MATERIAL TO PROCESS:

'''

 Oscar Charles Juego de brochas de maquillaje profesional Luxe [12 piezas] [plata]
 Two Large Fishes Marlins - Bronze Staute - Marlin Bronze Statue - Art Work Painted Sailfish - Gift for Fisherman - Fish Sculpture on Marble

'''
'''

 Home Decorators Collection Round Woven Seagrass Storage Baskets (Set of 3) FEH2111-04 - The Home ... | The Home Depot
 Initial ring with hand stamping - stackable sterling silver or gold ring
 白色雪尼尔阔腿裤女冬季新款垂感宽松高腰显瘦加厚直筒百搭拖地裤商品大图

'''
'''

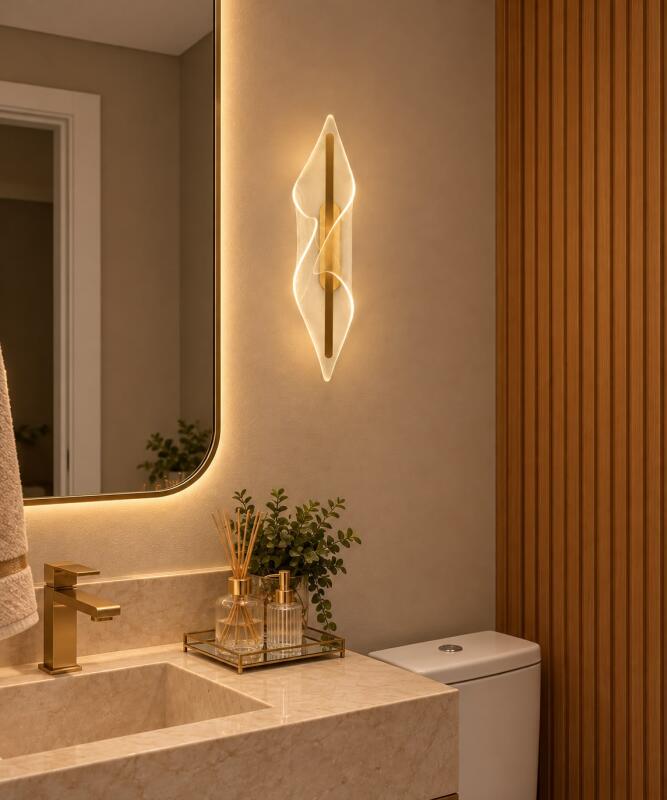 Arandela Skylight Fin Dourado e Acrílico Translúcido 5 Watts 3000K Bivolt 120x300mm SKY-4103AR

'''

TASK DETAILS:
Among the entries above, the line containing "Oscar Charles Juego", the line containing "Two Large Fishes", and all lines between them are to be restated word for word; nothing else belongs in the reply.

YOUR RESPONSE:
 Oscar Charles Juego de brochas de maquillaje profesional Luxe [12 piezas] [plata]
 Two Large Fishes Marlins - Bronze Staute - Marlin Bronze Statue - Art Work Painted Sailfish - Gift for Fisherman - Fish Sculpture on Marble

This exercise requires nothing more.